[Opening Source material section]

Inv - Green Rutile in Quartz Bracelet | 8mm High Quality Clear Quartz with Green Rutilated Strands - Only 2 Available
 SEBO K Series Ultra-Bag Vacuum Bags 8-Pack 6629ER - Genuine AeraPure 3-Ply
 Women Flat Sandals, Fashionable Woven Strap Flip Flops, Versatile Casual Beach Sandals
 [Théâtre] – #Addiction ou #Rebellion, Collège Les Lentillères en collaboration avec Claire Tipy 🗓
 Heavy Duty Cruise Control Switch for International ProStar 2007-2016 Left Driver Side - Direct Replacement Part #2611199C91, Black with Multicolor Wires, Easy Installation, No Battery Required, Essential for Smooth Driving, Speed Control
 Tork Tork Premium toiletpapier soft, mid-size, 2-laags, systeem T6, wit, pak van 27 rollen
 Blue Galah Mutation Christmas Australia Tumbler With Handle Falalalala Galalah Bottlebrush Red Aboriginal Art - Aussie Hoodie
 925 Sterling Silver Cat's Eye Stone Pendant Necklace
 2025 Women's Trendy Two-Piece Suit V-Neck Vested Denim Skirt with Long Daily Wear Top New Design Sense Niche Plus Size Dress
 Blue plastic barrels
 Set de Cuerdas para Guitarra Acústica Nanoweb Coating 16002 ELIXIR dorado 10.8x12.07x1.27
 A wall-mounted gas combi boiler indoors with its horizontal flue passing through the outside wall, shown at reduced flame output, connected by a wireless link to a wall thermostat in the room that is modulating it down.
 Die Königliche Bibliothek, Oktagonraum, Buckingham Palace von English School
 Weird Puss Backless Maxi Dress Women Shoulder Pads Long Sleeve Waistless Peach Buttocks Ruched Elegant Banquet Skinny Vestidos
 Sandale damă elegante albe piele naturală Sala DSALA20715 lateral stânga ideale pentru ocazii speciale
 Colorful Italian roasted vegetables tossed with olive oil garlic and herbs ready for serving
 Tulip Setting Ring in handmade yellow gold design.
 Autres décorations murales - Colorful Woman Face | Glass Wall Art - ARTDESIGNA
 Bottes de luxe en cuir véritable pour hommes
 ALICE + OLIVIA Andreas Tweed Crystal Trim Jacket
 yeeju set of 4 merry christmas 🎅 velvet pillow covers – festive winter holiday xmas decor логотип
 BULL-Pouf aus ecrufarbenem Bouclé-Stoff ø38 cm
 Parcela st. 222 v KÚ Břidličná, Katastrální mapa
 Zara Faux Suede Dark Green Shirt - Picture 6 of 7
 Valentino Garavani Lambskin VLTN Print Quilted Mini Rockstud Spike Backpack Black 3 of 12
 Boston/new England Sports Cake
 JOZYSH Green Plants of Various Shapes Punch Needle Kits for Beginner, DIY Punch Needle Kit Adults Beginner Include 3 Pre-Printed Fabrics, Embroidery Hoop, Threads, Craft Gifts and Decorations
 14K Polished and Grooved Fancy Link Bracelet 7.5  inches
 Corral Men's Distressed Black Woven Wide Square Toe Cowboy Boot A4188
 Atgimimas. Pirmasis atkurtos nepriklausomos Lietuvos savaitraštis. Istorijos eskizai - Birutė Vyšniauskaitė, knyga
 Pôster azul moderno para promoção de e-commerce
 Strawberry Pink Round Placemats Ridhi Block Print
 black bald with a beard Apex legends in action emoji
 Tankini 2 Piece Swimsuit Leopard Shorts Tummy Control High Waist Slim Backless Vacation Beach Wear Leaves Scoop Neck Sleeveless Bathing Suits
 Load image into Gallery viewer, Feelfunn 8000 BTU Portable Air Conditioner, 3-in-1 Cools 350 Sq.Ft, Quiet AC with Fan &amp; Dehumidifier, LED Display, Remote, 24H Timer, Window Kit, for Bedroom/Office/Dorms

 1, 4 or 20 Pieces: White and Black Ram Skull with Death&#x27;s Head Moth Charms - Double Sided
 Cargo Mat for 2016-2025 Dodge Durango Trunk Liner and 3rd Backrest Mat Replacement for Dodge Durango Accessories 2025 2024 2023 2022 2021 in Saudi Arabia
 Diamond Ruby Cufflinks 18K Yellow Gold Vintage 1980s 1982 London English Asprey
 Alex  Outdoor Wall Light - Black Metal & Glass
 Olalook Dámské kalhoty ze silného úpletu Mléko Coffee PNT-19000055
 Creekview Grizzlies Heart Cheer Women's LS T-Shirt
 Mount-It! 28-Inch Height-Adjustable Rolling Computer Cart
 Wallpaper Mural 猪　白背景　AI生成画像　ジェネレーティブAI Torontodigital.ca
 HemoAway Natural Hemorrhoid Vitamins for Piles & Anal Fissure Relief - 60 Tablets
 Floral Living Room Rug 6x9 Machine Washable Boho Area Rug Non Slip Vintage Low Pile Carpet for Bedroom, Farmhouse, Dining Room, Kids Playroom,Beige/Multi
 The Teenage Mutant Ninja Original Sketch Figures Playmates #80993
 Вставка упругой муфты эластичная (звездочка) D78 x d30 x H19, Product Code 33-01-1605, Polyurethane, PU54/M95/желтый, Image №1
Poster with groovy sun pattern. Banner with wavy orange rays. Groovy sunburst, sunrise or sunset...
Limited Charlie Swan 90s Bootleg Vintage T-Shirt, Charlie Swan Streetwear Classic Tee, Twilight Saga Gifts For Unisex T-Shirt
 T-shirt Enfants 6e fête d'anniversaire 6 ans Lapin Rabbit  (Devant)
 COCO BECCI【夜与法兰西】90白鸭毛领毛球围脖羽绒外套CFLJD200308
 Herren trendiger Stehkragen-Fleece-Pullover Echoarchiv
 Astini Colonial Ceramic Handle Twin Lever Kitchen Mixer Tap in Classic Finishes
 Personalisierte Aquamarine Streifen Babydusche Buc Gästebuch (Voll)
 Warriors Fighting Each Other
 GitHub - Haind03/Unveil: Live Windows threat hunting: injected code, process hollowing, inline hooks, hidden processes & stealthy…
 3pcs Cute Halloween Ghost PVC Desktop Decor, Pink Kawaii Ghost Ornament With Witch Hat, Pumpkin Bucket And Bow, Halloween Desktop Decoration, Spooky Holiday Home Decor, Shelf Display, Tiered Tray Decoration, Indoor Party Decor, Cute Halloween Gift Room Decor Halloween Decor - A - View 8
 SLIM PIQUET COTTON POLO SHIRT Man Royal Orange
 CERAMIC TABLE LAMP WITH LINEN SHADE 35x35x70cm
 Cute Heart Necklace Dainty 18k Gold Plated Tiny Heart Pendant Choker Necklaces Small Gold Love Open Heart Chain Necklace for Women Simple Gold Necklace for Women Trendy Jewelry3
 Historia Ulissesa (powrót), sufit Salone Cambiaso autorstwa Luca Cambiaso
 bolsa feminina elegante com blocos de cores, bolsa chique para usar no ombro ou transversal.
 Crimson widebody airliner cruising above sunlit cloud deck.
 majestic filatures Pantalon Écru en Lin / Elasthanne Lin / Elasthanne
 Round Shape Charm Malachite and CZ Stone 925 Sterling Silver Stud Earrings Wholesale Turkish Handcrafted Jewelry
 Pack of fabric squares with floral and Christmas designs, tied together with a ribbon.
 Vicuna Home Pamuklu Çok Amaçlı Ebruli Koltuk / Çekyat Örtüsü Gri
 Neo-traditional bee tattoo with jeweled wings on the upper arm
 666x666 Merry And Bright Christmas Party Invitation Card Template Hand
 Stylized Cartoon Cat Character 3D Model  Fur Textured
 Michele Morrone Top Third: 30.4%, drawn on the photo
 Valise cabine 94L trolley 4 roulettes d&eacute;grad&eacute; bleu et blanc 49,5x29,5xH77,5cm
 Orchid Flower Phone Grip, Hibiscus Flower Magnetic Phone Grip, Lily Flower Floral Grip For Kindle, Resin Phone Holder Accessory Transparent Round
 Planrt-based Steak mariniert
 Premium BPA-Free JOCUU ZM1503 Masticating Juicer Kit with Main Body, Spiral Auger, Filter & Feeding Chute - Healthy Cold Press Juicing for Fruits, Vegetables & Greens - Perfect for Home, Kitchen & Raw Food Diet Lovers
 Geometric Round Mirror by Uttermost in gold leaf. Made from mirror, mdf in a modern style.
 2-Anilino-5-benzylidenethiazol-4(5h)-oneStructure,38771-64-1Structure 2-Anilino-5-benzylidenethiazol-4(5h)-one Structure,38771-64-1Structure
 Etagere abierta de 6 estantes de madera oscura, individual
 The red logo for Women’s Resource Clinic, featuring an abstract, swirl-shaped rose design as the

[Closing Source material section]

### Problem to solve
Report the lines above that contain "English".

### Response box
 Die Königliche Bibliothek, Oktagonraum, Buckingham Palace von English School
 Diamond Ruby Cufflinks 18K Yellow Gold Vintage 1980s 1982 London English Asprey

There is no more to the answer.